This book "gathers" some fifteen essays published previously, over a period of thirty years, by Thomas M. Prymak, research associate of the Chair of Ukrainian Studies at the University of Toronto. Readers who are new to Prymak's work will come away from these essays with a solid appreciation for his ample contributions to the fields of Slavonic and Ukrainian Canadian Studies; those who have followed the historian's career carefully will value the convenience of the collection (the fact that it brings together, in one volume, the author's strongest scholarship) as well as Prymak's decision to revisit the essays contained within it.
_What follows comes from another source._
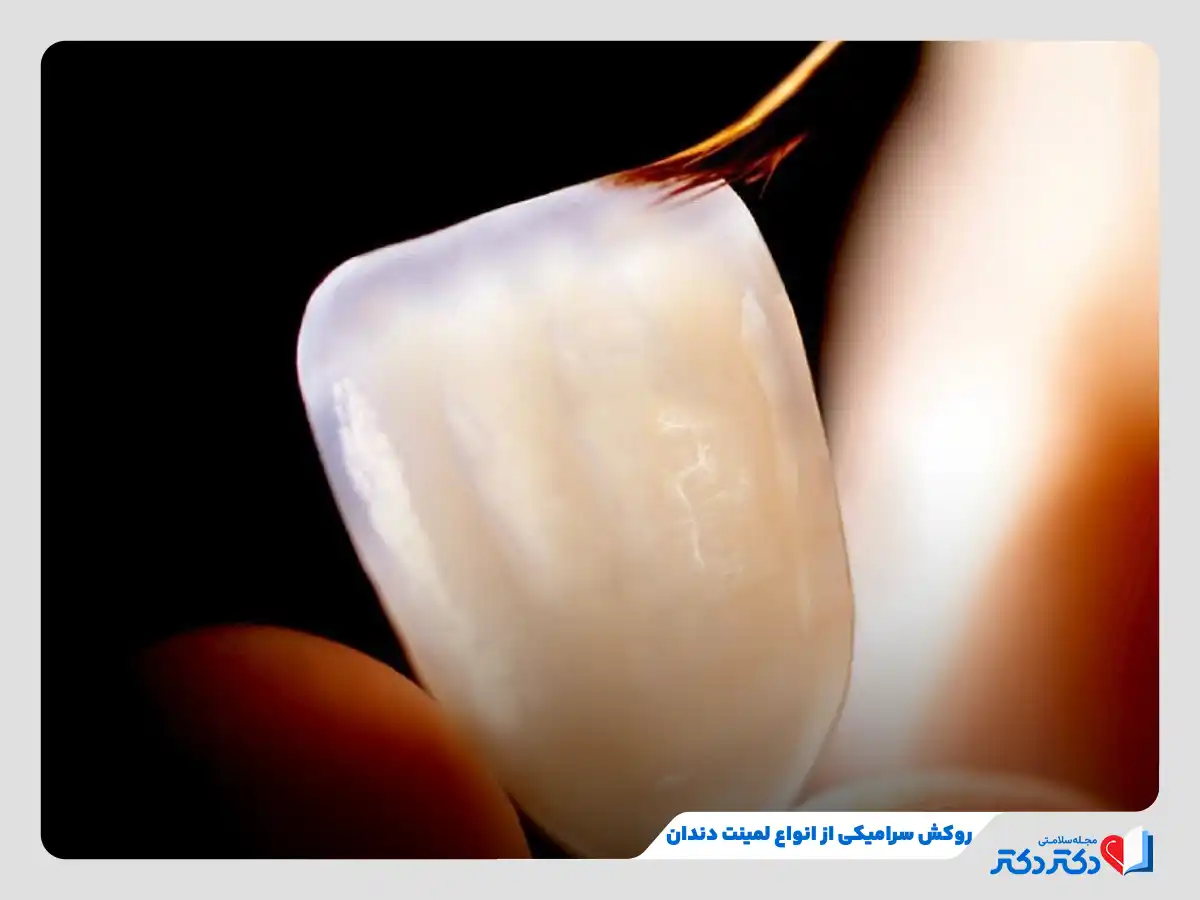 لمینت دندان چیست و انواع آن برای چه افرادی مناسب است؟_رنگو 18 لمینت سرامیکی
As noted in the book's abstract, the reprinted articles have been "revised and expanded" (publishing histories are provided in an appendix).

Divided into three parts ("Emigration Studies," "History, Historians, and Others," "Library Studies and Reference Works"), and framed by an "Introduction" and "Concluding Thoughts" ("Ukrainian Canadians and Ukrainian Americans: Some Reflections and Comparisons"), Gathering a Heritage foregrounds the author's eclectic range of interests. Readers encounter analyses of the diasporic movements of peoples (in, for example, "The Great Migration: East-Central Europe to the Americas in the Literatures of the Slavs: Some Examples" and "Ivan Franko and Large-Scale Ukrainian Economic Emigration to Canada before 1914") alongside more sharply focused, but no less comprehensive, studies of individuals (see, for instance, "Dmytro Doroshenko and Canada," "George W. Simpson, the Ukrainian Canadians, and the 'Prehistory' of Slavic Studies in Canada," and "In the Shadow of a Political Assassination: Gabrielle Roy's 'Stephen' and the Ukrainian Canadians").

The most pronounced strengths of the book can be found in the insights, some deeply personal, that Prymak provides into the building/burgeoning of the fields to which he has lent his voice. (Readers cannot come away from the volume without a firm sense of how daunting a task it has been for, as Oleh Gerus states in this back-cover endorsement, the "Ukrainian community in Canada to win recognition for its often belittled, suspected, or ignored culture, language, and history.") And while Prymak operates primarily, and capably, as a traditional historian, following the entrenched conventions and methodologies of his discipline, the most compelling essays in the collection – among them, "Scholarship on Mykhailo Hrushevsky during the Early 1980s: Ukrainian Books and Libraries in Canada and the United States" and "Ukrainian Canadians and Ukrainian Americans: Some Reflections and Comparisons" – are those in which the author positions himself as a subjective researcher and writer. The autobiographical and anecdotal insertions of his own voice [End Page 252] constitute the most captivating portions of the book and suggest, to me at least, that shifting his future energies toward memoir would be a sensible next step.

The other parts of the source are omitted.